**WHAT YOU ARE ASKED TO DO**
Please return the entries, omitting and altering nothing.

**EXTRACTED DATA**

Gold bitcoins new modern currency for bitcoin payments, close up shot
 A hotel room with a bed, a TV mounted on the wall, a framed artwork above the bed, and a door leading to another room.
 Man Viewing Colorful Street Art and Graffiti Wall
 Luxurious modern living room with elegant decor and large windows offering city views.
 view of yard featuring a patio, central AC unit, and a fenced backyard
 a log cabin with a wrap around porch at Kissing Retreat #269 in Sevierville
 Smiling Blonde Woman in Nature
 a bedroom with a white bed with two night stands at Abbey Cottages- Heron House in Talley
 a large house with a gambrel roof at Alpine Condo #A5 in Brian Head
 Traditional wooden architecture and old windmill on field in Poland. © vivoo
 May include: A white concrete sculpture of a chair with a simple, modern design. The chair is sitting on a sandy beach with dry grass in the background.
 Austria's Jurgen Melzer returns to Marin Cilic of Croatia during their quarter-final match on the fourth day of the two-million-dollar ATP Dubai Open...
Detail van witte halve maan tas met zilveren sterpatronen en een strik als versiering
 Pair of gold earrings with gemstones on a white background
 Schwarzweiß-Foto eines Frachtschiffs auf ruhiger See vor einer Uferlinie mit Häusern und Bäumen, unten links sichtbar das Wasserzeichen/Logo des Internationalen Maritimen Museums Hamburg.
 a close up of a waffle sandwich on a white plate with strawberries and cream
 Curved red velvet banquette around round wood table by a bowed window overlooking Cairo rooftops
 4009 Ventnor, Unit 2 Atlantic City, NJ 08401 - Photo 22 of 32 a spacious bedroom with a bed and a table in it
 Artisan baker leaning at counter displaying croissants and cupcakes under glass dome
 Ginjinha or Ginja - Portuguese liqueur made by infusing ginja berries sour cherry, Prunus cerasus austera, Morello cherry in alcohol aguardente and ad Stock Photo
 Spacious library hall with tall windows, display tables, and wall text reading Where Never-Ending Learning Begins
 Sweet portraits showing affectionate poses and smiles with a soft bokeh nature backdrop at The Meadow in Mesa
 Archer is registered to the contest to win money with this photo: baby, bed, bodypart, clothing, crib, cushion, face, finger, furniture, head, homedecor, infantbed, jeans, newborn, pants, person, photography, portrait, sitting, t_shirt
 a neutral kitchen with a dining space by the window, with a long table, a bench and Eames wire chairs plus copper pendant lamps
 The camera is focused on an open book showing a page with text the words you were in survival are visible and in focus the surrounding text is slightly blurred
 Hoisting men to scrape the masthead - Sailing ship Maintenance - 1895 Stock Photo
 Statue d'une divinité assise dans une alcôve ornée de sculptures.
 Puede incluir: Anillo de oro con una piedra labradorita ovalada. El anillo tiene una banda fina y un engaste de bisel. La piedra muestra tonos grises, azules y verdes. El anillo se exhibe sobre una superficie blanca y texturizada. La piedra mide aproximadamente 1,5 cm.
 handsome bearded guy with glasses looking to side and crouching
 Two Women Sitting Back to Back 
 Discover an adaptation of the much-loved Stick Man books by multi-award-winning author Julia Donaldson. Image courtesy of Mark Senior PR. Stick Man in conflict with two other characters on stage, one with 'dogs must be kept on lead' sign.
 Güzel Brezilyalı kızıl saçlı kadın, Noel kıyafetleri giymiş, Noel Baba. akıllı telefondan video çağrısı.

**EXERCISE RESULT**
Gold bitcoins new modern currency for bitcoin payments, close up shot
 A hotel room with a bed, a TV mounted on the wall, a framed artwork above the bed, and a door leading to another room.
 Man Viewing Colorful Street Art and Graffiti Wall
 Luxurious modern living room with elegant decor and large windows offering city views.
 view of yard featuring a patio, central AC unit, and a fenced backyard
 a log cabin with a wrap around porch at Kissing Retreat #269 in Sevierville
 Smiling Blonde Woman in Nature
 a bedroom with a white bed with two night stands at Abbey Cottages- Heron House in Talley
 a large house with a gambrel roof at Alpine Condo #A5 in Brian Head
 Traditional wooden architecture and old windmill on field in Poland. © vivoo
 May include: A white concrete sculpture of a chair with a simple, modern design. The chair is sitting on a sandy beach with dry grass in the background.
 Austria's Jurgen Melzer returns to Marin Cilic of Croatia during their quarter-final match on the fourth day of the two-million-dollar ATP Dubai Open...
Detail van witte halve maan tas met zilveren sterpatronen en een strik als versiering
 Pair of gold earrings with gemstones on a white background
 Schwarzweiß-Foto eines Frachtschiffs auf ruhiger See vor einer Uferlinie mit Häusern und Bäumen, unten links sichtbar das Wasserzeichen/Logo des Internationalen Maritimen Museums Hamburg.
 a close up of a waffle sandwich on a white plate with strawberries and cream
 Curved red velvet banquette around round wood table by a bowed window overlooking Cairo rooftops
 4009 Ventnor, Unit 2 Atlantic City, NJ 08401 - Photo 22 of 32 a spacious bedroom with a bed and a table in it
 Artisan baker leaning at counter displaying croissants and cupcakes under glass dome
 Ginjinha or Ginja - Portuguese liqueur made by infusing ginja berries sour cherry, Prunus cerasus austera, Morello cherry in alcohol aguardente and ad Stock Photo
 Spacious library hall with tall windows, display tables, and wall text reading Where Never-Ending Learning Begins
 Sweet portraits showing affectionate poses and smiles with a soft bokeh nature backdrop at The Meadow in Mesa
 Archer is registered to the contest to win money with this photo: baby, bed, bodypart, clothing, crib, cushion, face, finger, furniture, head, homedecor, infantbed, jeans, newborn, pants, person, photography, portrait, sitting, t_shirt
 a neutral kitchen with a dining space by the window, with a long table, a bench and Eames wire chairs plus copper pendant lamps
 The camera is focused on an open book showing a page with text the words you were in survival are visible and in focus the surrounding text is slightly blurred
 Hoisting men to scrape the masthead - Sailing ship Maintenance - 1895 Stock Photo
 Statue d'une divinité assise dans une alcôve ornée de sculptures.
 Puede incluir: Anillo de oro con una piedra labradorita ovalada. El anillo tiene una banda fina y un engaste de bisel. La piedra muestra tonos grises, azules y verdes. El anillo se exhibe sobre una superficie blanca y texturizada. La piedra mide aproximadamente 1,5 cm.
 handsome bearded guy with glasses looking to side and crouching
 Two Women Sitting Back to Back 
 Discover an adaptation of the much-loved Stick Man books by multi-award-winning author Julia Donaldson. Image courtesy of Mark Senior PR. Stick Man in conflict with two other characters on stage, one with 'dogs must be kept on lead' sign.
 Güzel Brezilyalı kızıl saçlı kadın, Noel kıyafetleri giymiş, Noel Baba. akıllı telefondan video çağrısı.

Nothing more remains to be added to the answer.